=== Section Start ===

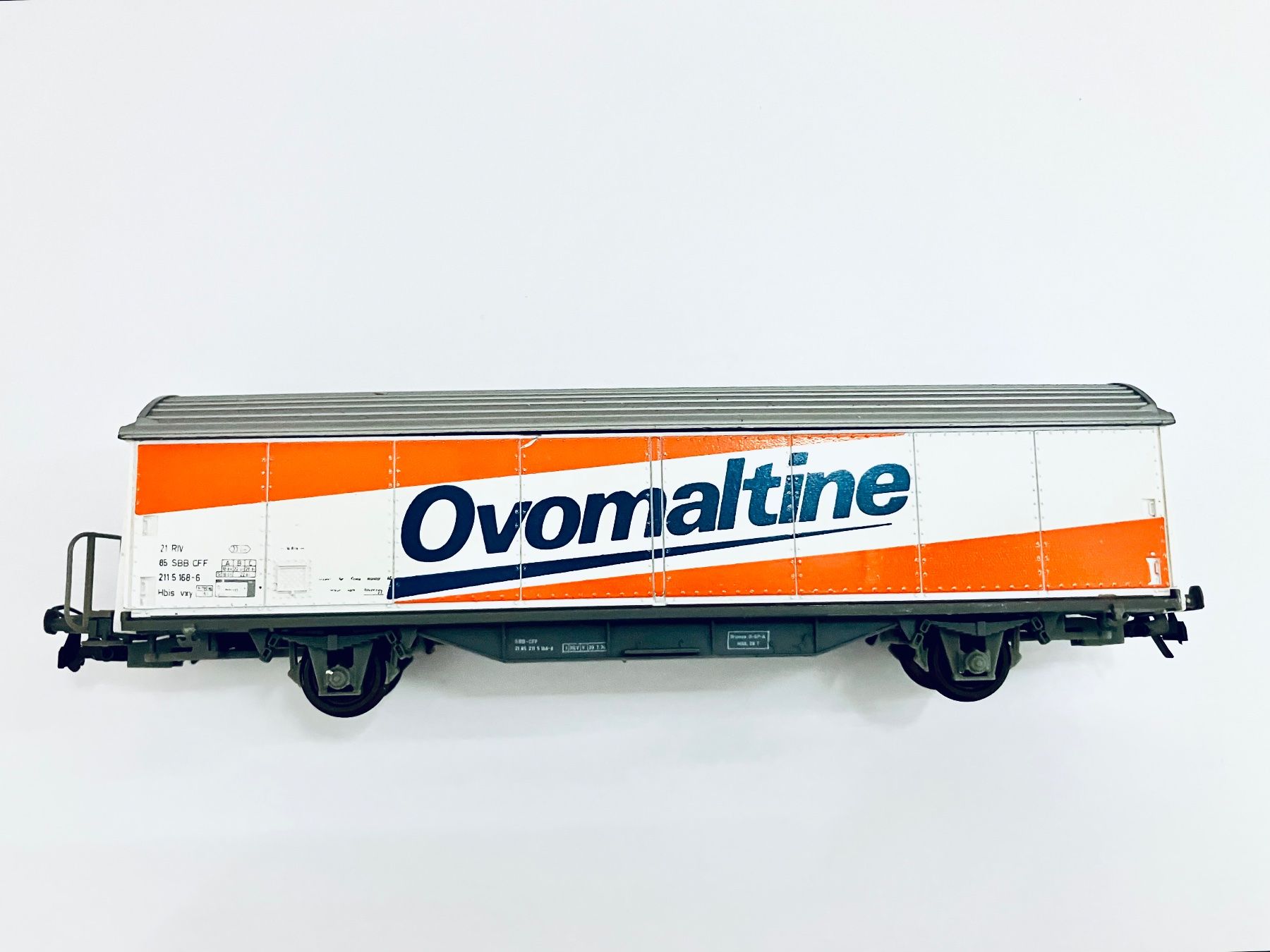 Roco Modellini di ferrovie: SBB ROCO OVOMALTINE H0 – Usato da Oberbuchsiten venduto da Orsetto24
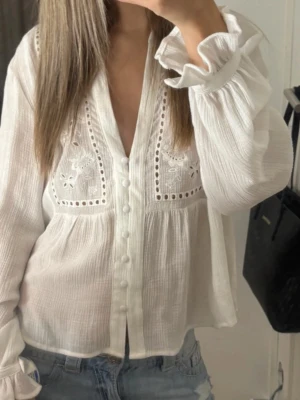 zara blus  - säljer då den inte används💕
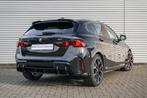 BMW 1 Serie 120 M Sport Automaat / Sportstoelen / Achteruitr, Auto's, 156 pk, Met garantie (alle), Zwart, Origineel Nederlands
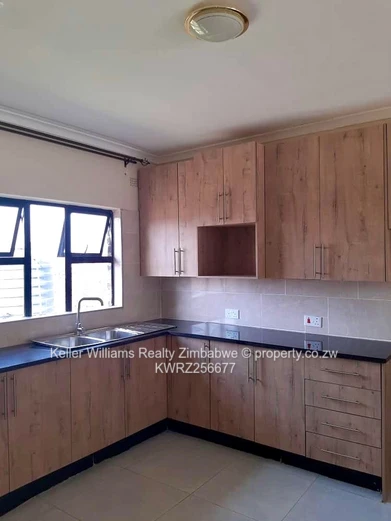 Flat for Sale in Old Marlborough (Sole Mandate)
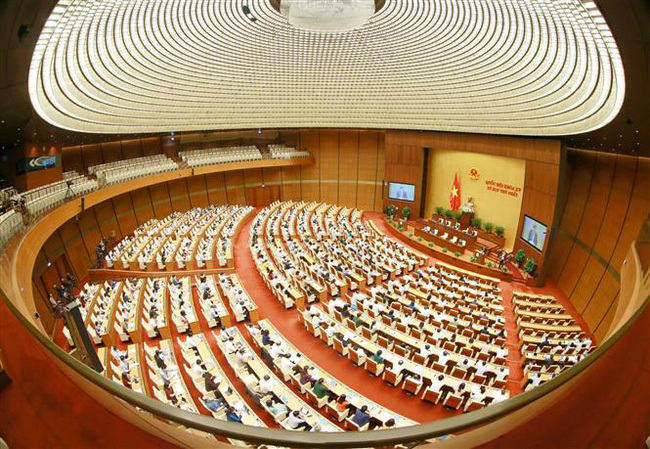 Quốc hội thông qua việc đưa nội dung phòng, chống Covid-19 vào Nghị quyết Kỳ họp - Ảnh 1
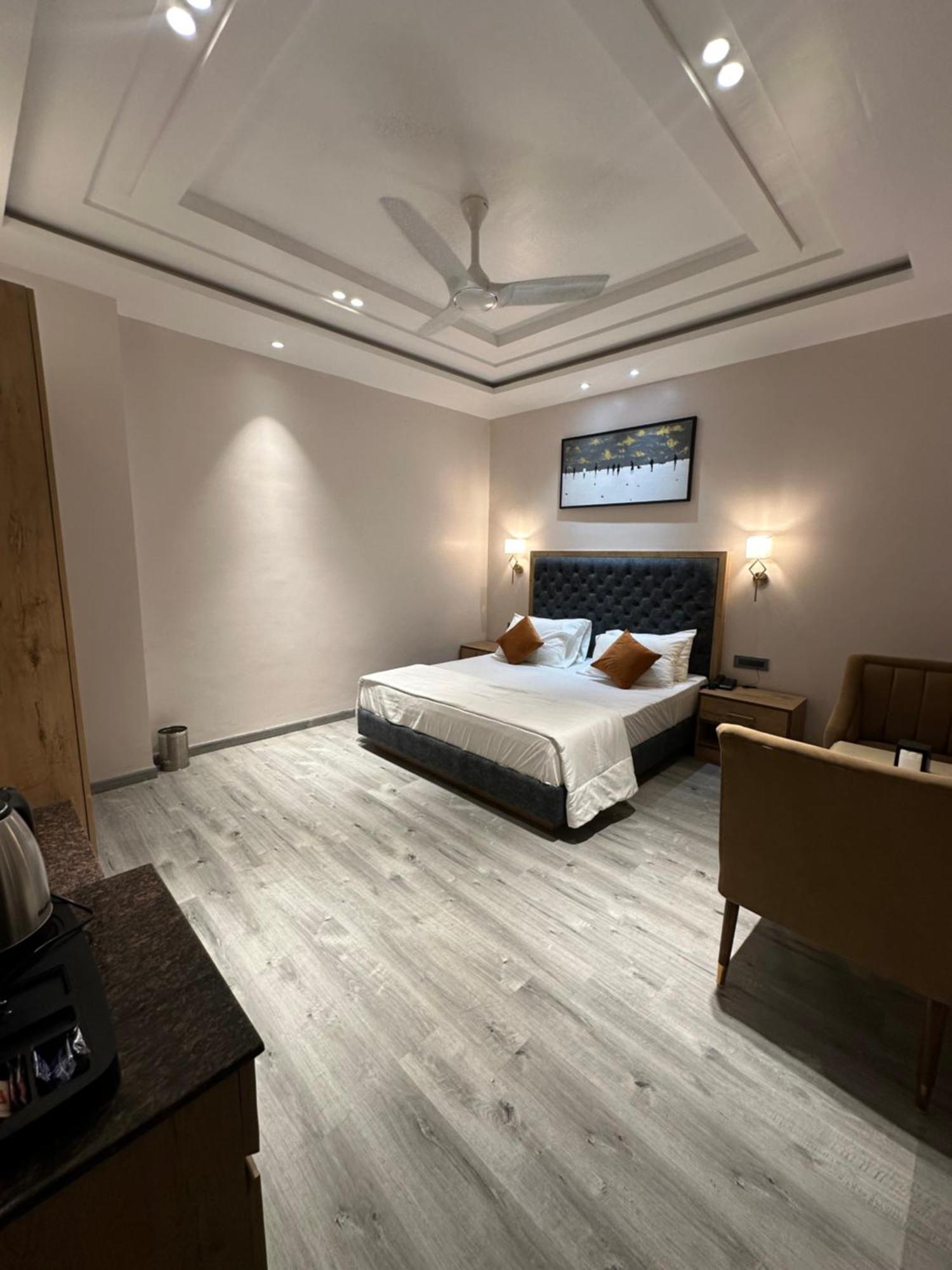Mayur Simran Rajpura Exterior photo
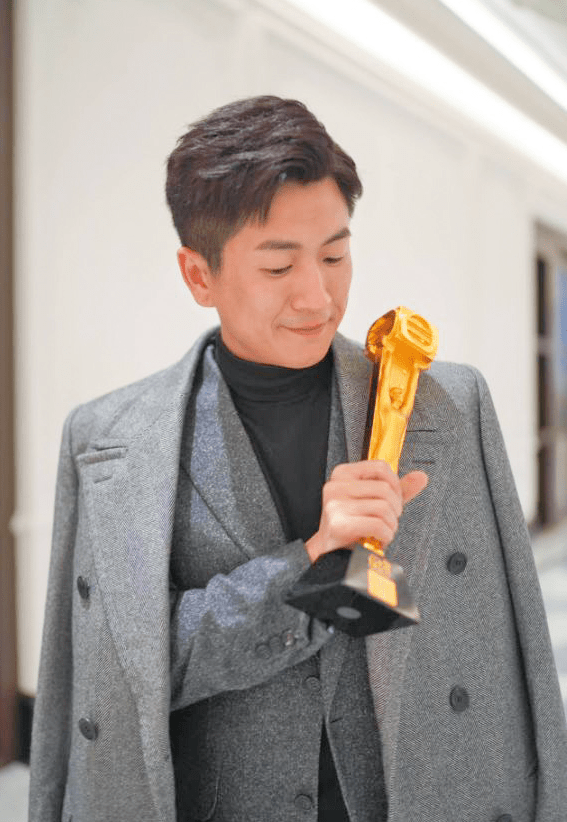 原创            TVB男星入行18年事业渐入佳境，兼职动物美容师开源，获圈内艺人力撑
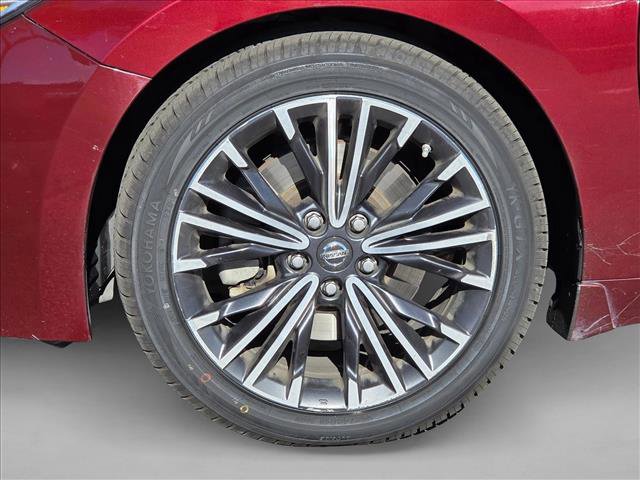 Used 2017 Nissan Maxima Platinum w/ Medallion Package image 25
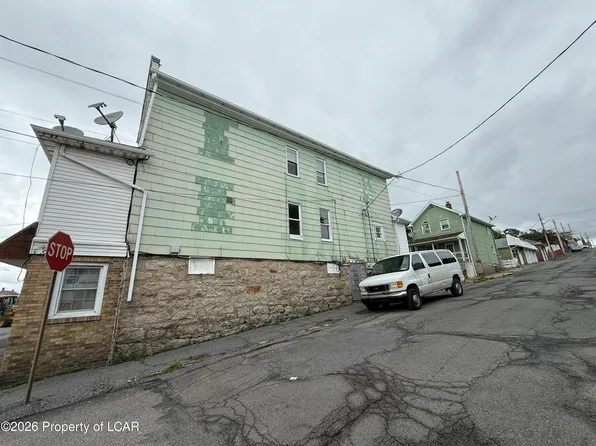 721 N Vine St, Hazleton, PA 18201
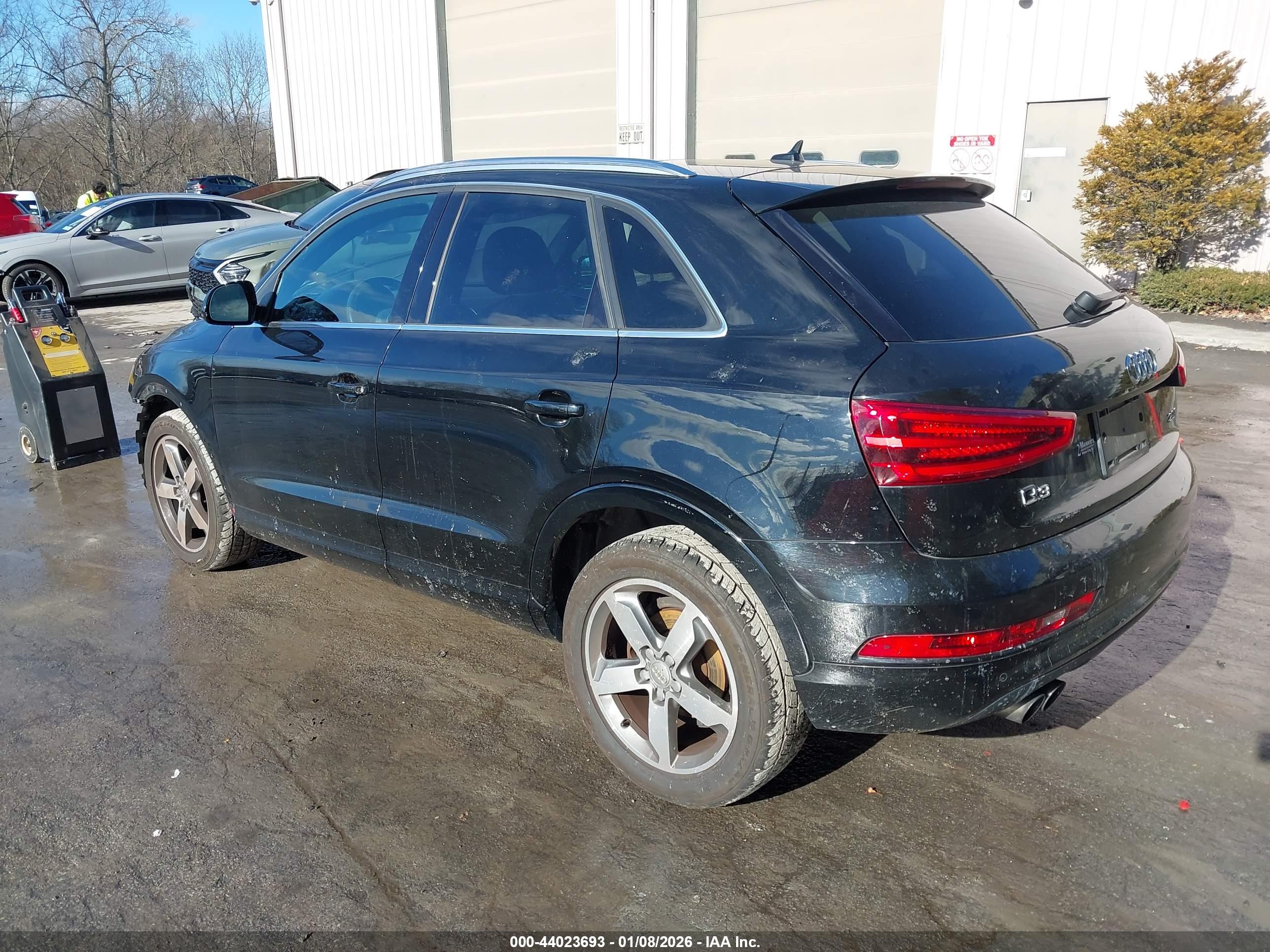 AUDI Q3 image 3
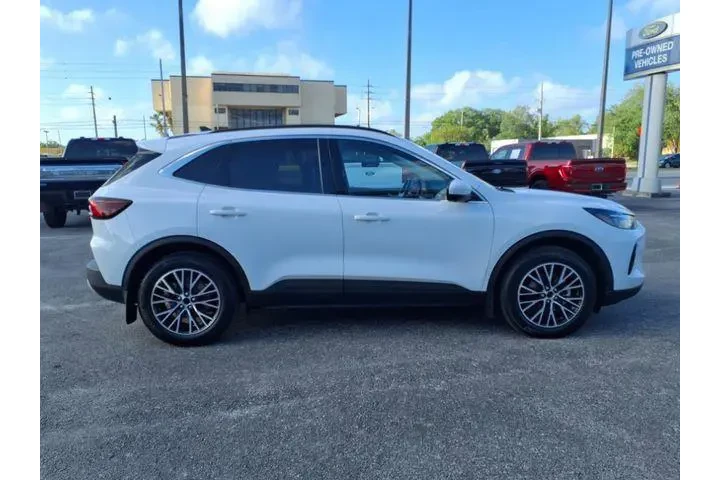 $20991 : Ford Escape Plug-In Hybrid 2 image 7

=== Section End ===

EXERCISE PROMPT: Once the line containing "BMW 1 Serie" is found, it and every line through the end of the records above should be output exactly, with no pictures.

RESULT OF THE TASK:
 BMW 1 Serie 120 M Sport Automaat / Sportstoelen / Achteruitr, Auto's, 156 pk, Met garantie (alle), Zwart, Origineel Nederlands
 Flat for Sale in Old Marlborough (Sole Mandate)
 Quốc hội thông qua việc đưa nội dung phòng, chống Covid-19 vào Nghị quyết Kỳ họp - Ảnh 1
Mayur Simran Rajpura Exterior photo
 原创            TVB男星入行18年事业渐入佳境，兼职动物美容师开源，获圈内艺人力撑
 Used 2017 Nissan Maxima Platinum w/ Medallion Package image 25
 721 N Vine St, Hazleton, PA 18201
 AUDI Q3 image 3
 $20991 : Ford Escape Plug-In Hybrid 2 image 7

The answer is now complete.